The project focuses on famous paintings, their artists, and an accompanying museum dataset. Of the eight datasets provided, I will focus on seven to uncover trends and patterns related to paintings and museums. The findings involve questions such as which paintings were not displayed in any museum, identifying museums with invalid city information, and analyzing the most popular painting styles. Advanced SQL techniques such as joins, window functions, subqueries, and CTEs will be utilized to explore these questions and derive meaningful insights from the data.

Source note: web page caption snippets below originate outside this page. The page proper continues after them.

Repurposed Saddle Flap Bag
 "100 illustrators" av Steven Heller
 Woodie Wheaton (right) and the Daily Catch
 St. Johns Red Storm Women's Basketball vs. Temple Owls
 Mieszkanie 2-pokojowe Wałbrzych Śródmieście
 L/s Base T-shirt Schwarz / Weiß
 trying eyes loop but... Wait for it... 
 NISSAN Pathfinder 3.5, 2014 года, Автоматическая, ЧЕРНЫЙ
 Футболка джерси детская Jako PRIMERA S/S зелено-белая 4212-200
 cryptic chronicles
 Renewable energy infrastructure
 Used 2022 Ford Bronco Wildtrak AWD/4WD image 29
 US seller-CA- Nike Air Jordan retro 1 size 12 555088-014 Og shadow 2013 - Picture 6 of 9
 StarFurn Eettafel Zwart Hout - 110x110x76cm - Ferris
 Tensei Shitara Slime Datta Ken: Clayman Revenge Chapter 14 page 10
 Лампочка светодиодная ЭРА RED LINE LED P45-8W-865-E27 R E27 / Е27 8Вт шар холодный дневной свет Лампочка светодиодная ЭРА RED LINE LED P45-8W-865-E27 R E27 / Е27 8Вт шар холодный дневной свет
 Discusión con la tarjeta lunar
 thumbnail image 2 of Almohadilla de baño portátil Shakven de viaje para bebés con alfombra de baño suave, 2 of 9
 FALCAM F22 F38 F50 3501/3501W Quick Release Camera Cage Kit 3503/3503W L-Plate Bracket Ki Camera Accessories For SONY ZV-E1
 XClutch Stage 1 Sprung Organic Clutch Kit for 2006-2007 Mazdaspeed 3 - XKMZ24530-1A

Note: A total of eight tables were provided from Kaggle, but i worked with seven datasets to uncover trends and patterns. The eighth table was the 'URL Image' of paintings, which was not used in the analysis.
The primary datasets utilized for the project was downloaded from the provided link https://www.kaggle.com/datasets/mexwell/famous-paintings
Microsoft SQL Server was used to import and inspect the dataset, check for duplicate records, and identify null values to standardize the dataset for data quality assurance.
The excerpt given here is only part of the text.